Every line below from the one with "1976 Fender USA" through the one with "狗皇：打DOTA 2020-04-29 07点场" is to be repeated exactly, with no picture among them.

=== The records ===
◆ ◆ ◆

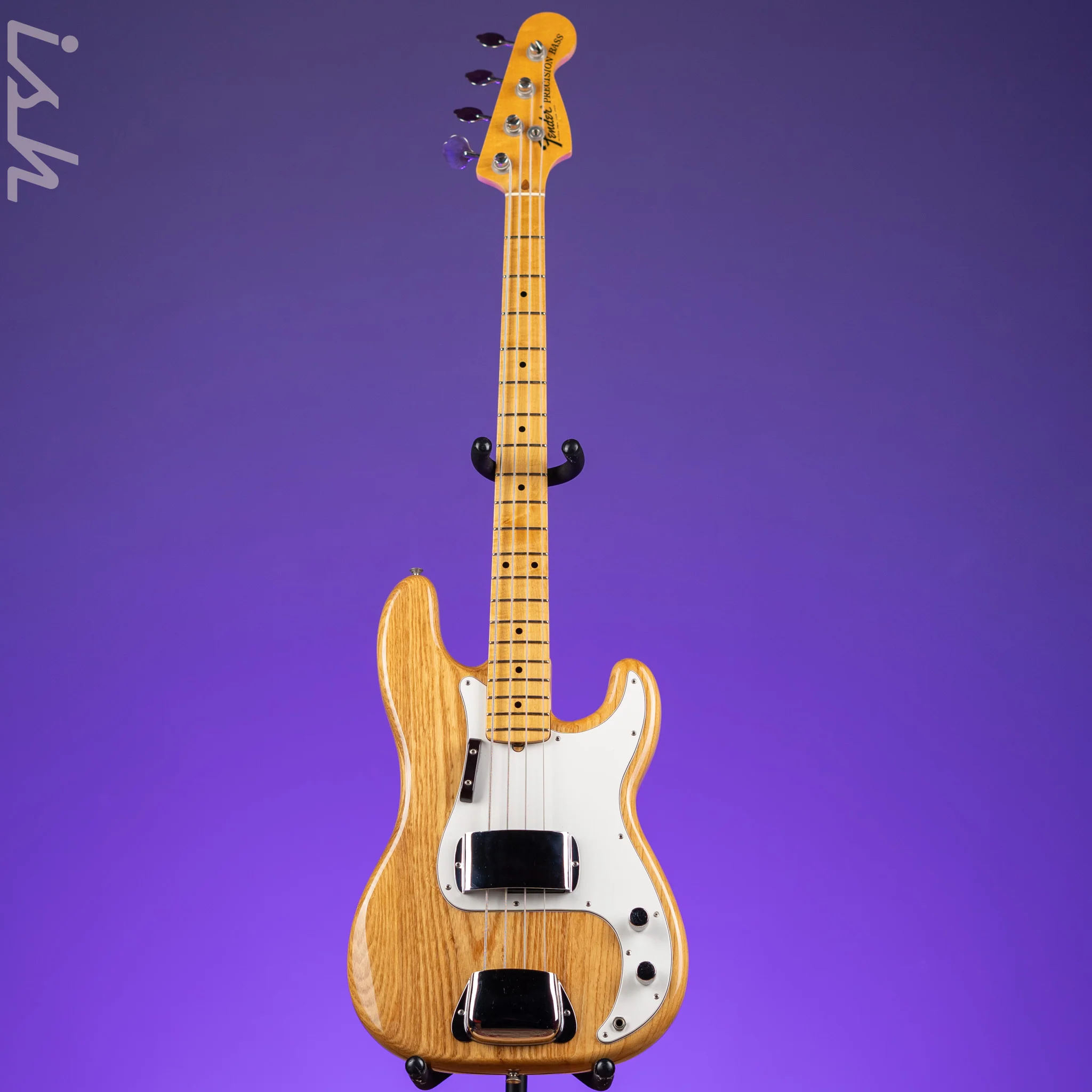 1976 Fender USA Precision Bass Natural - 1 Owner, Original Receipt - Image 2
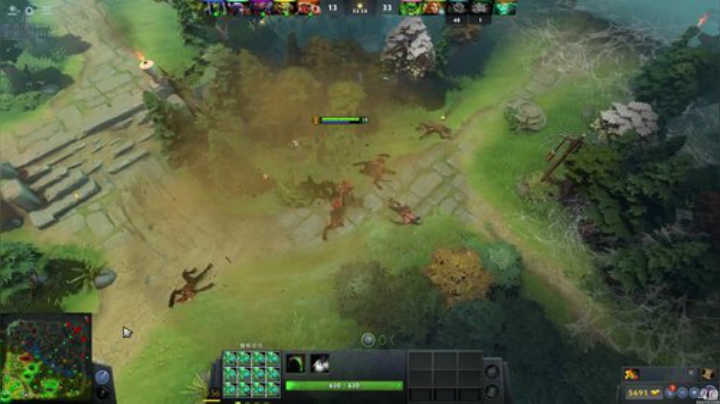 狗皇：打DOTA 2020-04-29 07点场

◆ ◆ ◆

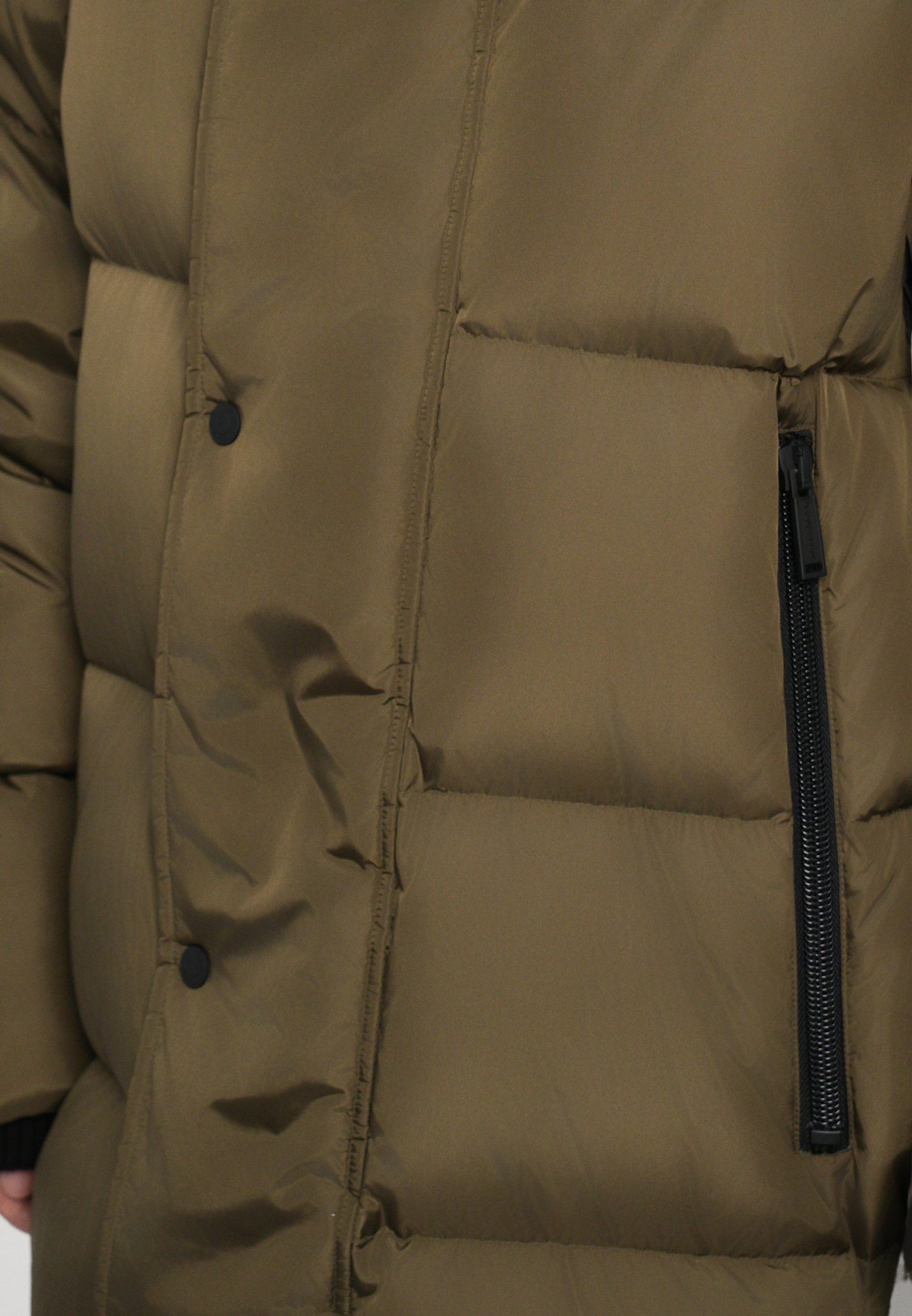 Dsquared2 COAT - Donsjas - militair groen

◆ ◆ ◆

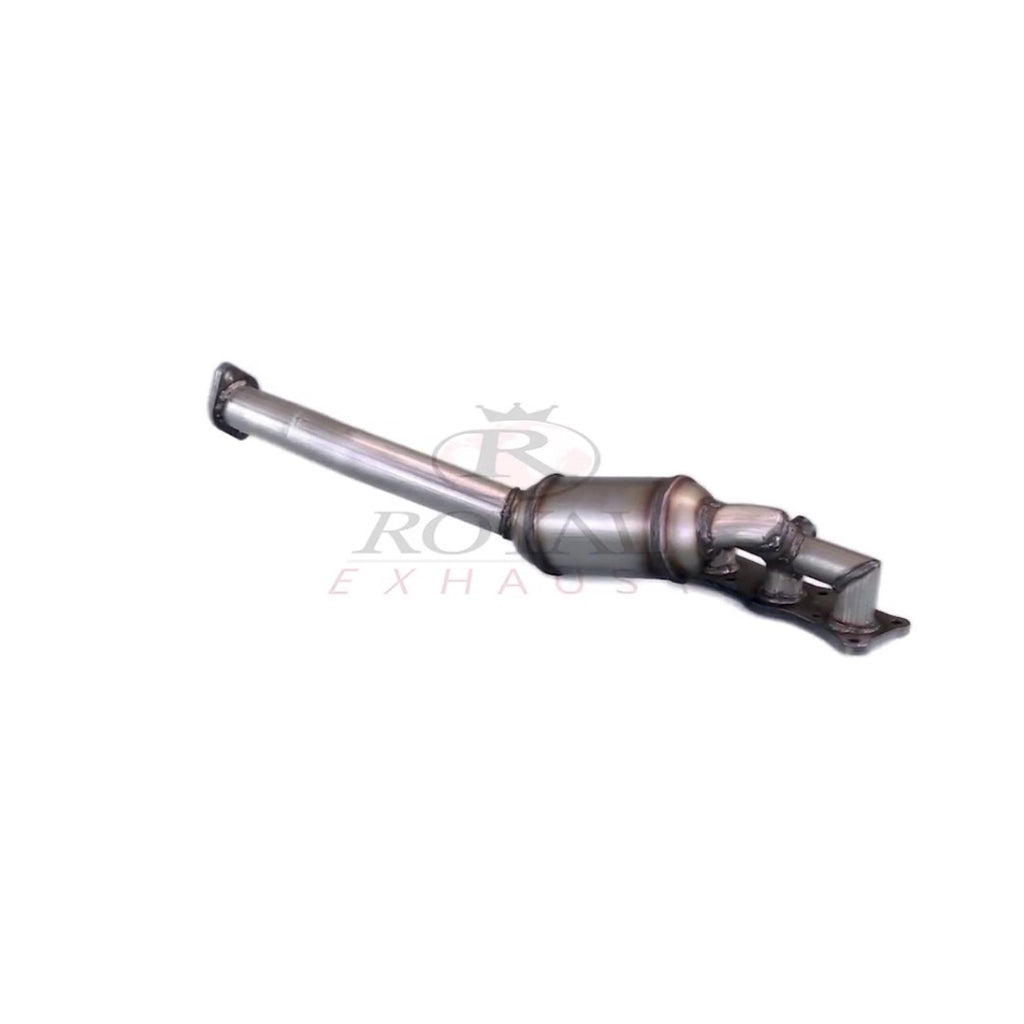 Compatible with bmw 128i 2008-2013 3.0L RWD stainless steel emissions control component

◆ ◆ ◆

=== Solution below ===
 1976 Fender USA Precision Bass Natural - 1 Owner, Original Receipt - Image 2
 狗皇：打DOTA 2020-04-29 07点场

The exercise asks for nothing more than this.